**TASK TO CARRY OUT**
Below is a listing from which only part is wanted; return exactly the lines from the one with "Used 2012 Toyota Camry LE image 7" up to and including the one with "Center Boutique Hotel 티라나 외부 사진".

**DATA EXTRACTS**

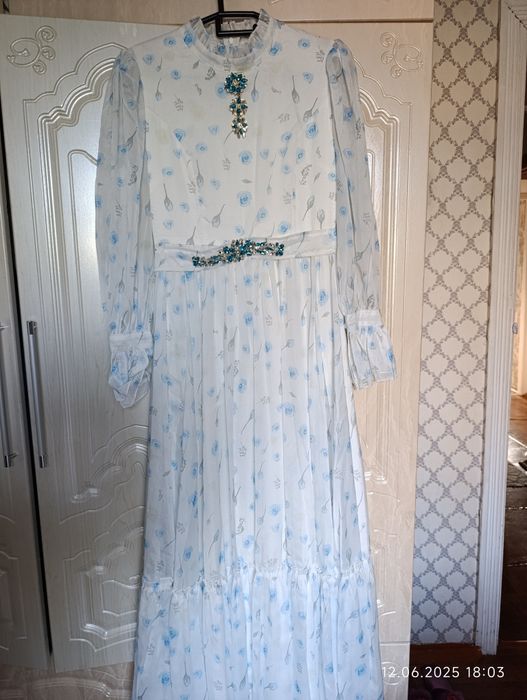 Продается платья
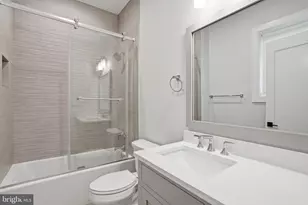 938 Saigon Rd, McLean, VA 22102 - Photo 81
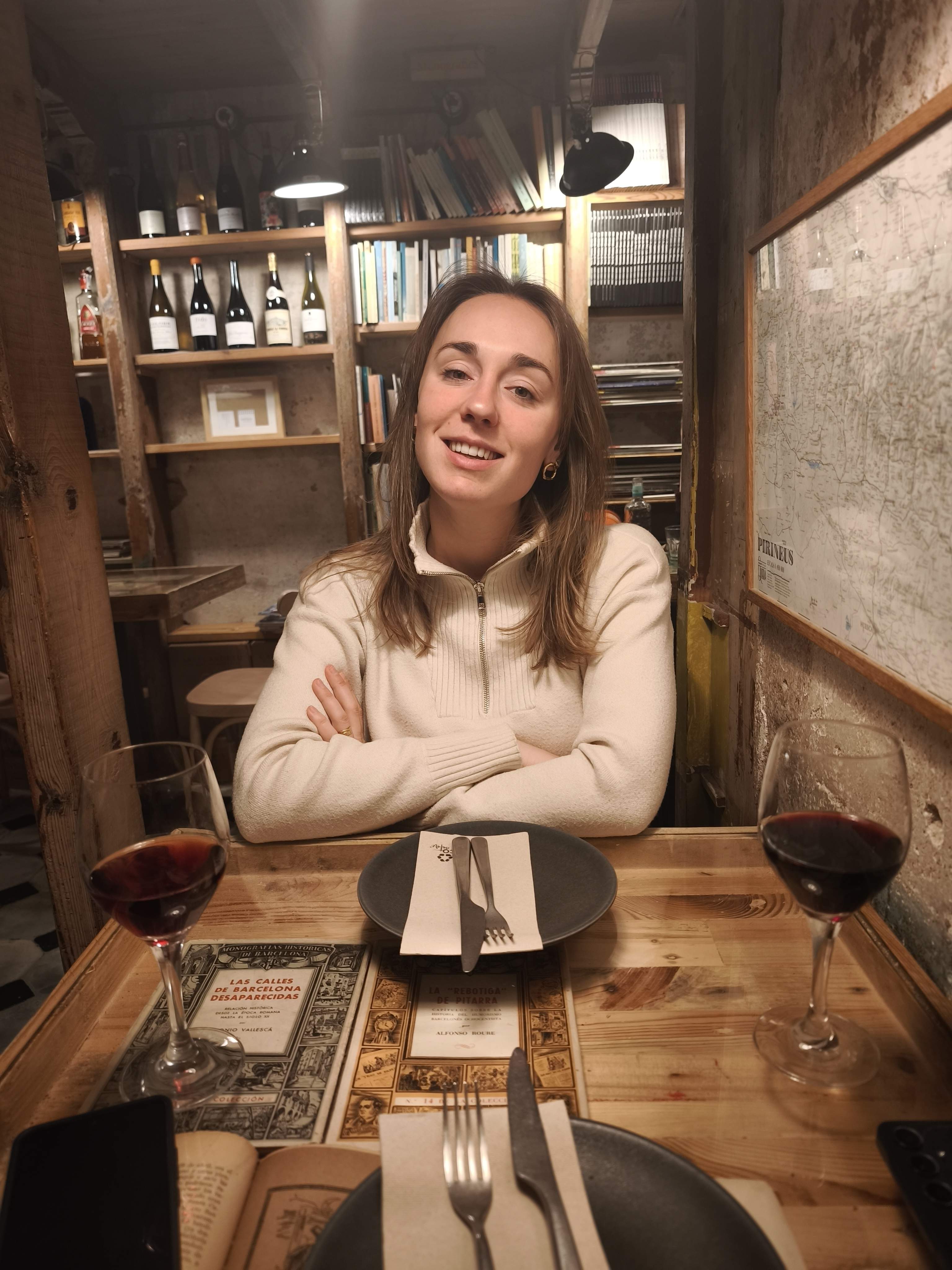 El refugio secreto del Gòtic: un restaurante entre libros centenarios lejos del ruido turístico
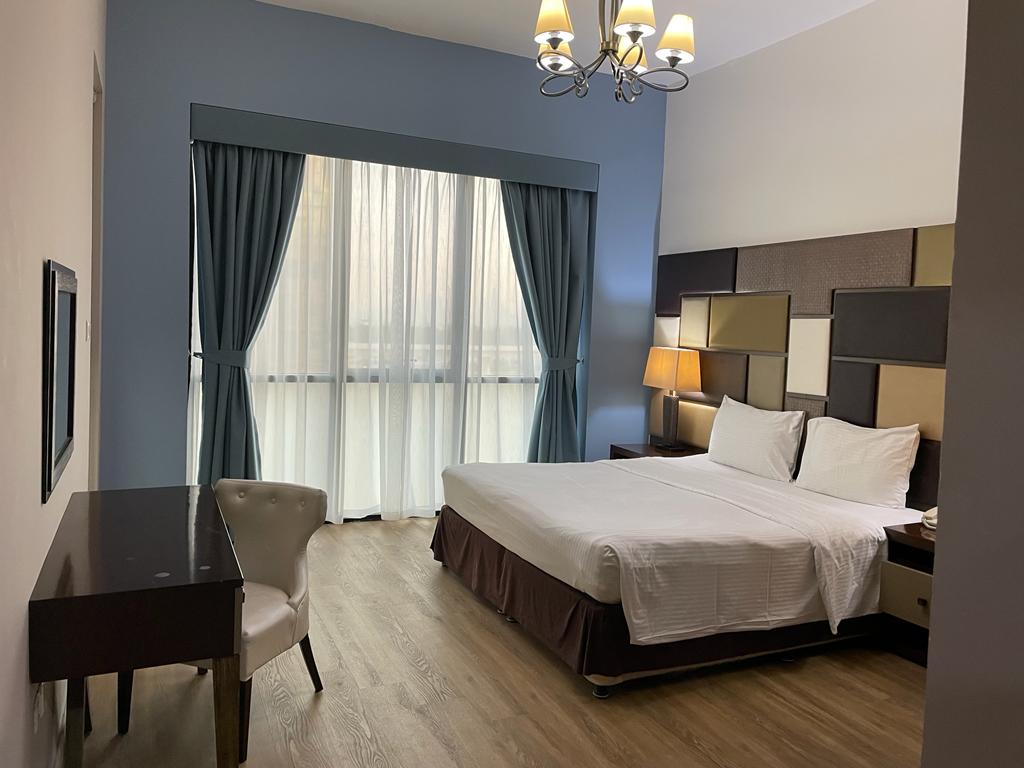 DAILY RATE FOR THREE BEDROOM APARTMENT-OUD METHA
==
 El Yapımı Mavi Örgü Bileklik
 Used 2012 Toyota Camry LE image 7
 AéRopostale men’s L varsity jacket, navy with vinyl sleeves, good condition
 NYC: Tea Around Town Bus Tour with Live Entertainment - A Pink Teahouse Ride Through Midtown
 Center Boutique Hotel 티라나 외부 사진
* * *
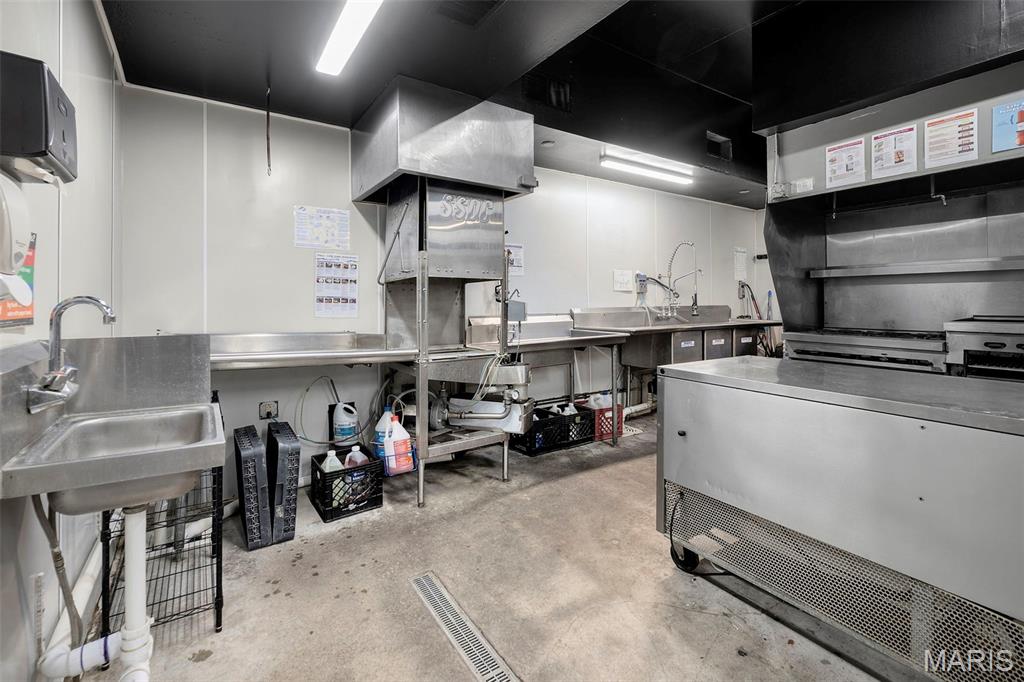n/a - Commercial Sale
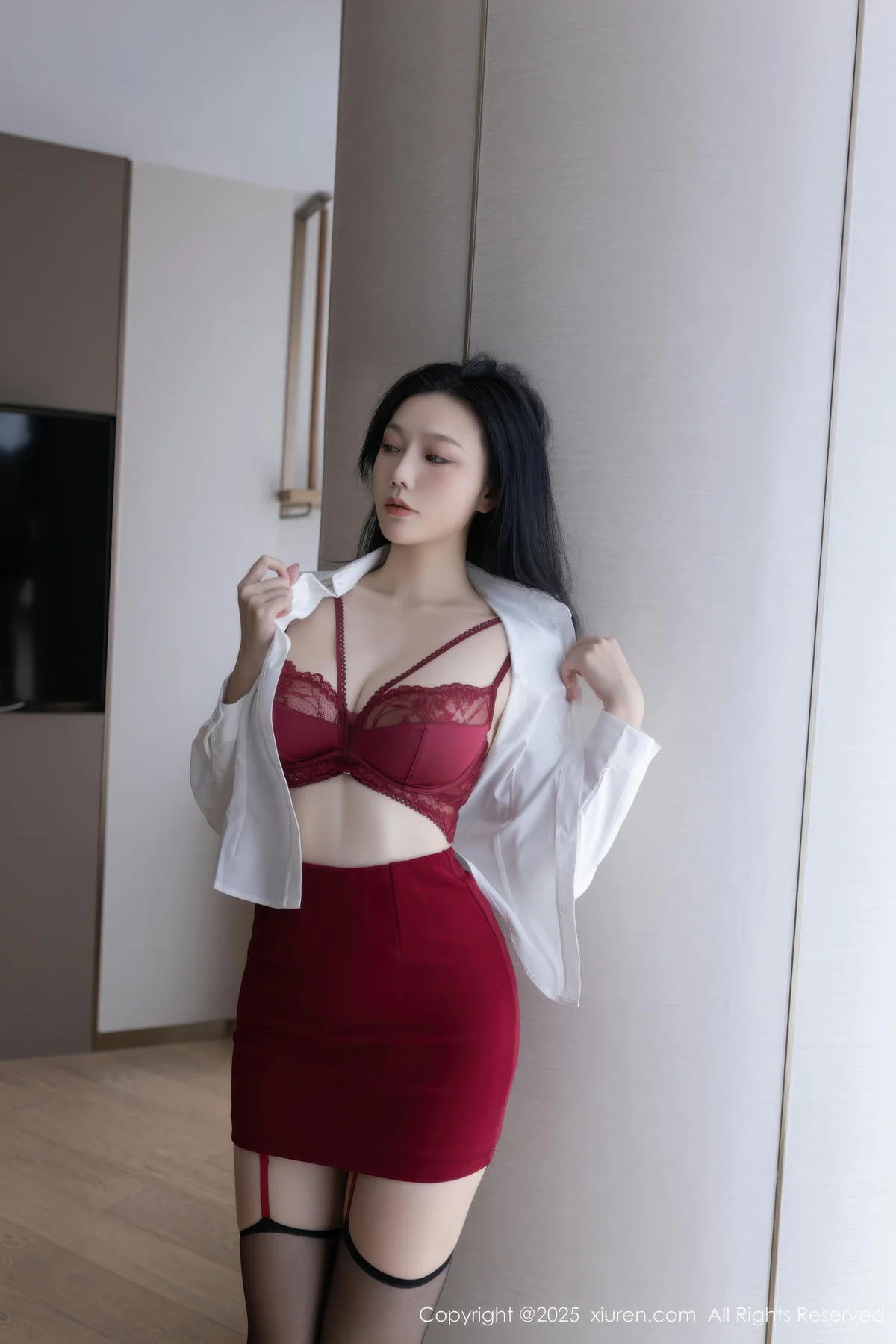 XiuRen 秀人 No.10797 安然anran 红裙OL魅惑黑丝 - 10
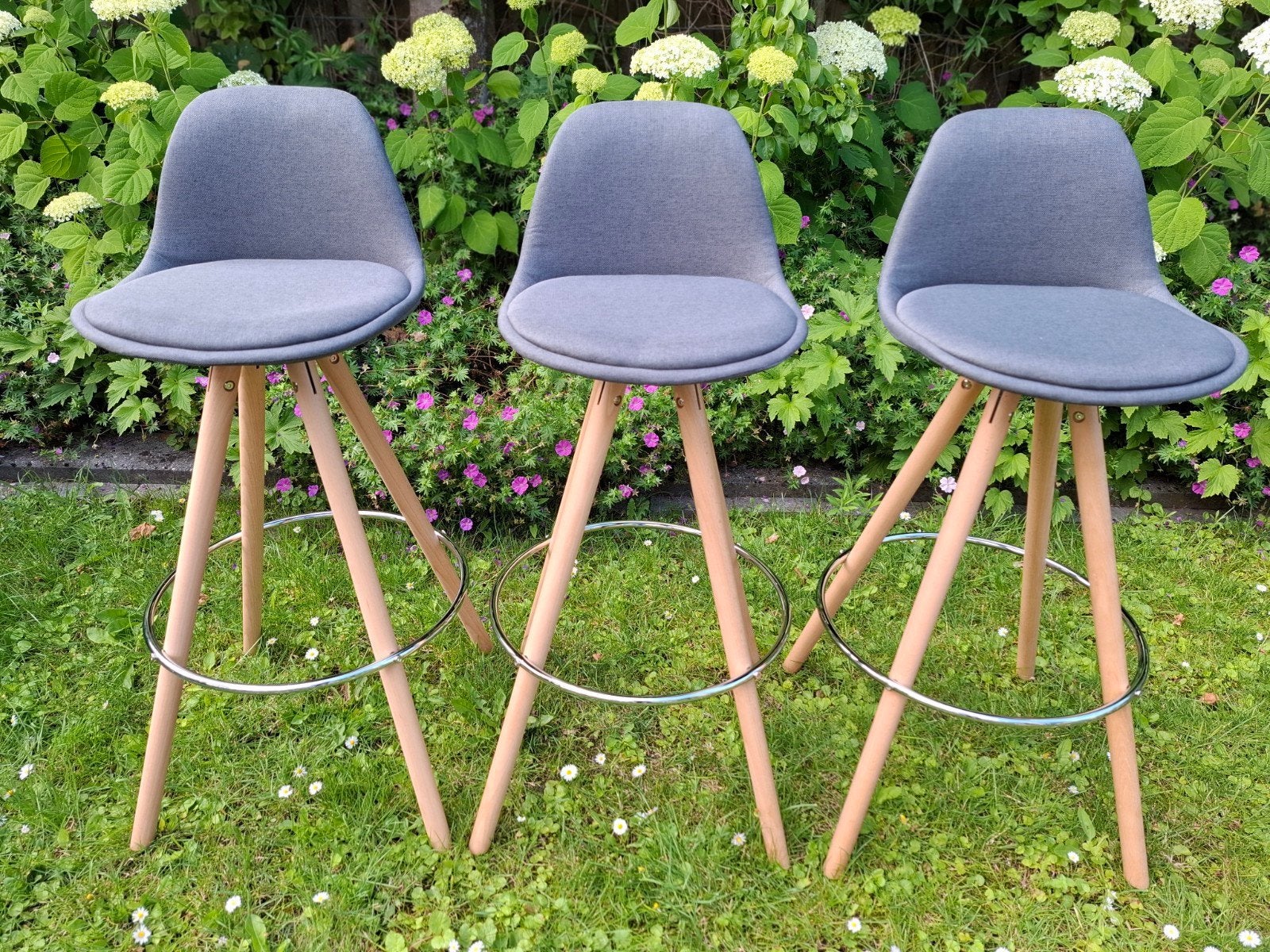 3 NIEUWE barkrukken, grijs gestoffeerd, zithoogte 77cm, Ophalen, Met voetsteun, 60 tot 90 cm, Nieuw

**FINISHED TASK**
 Used 2012 Toyota Camry LE image 7
 AéRopostale men’s L varsity jacket, navy with vinyl sleeves, good condition
 NYC: Tea Around Town Bus Tour with Live Entertainment - A Pink Teahouse Ride Through Midtown
 Center Boutique Hotel 티라나 외부 사진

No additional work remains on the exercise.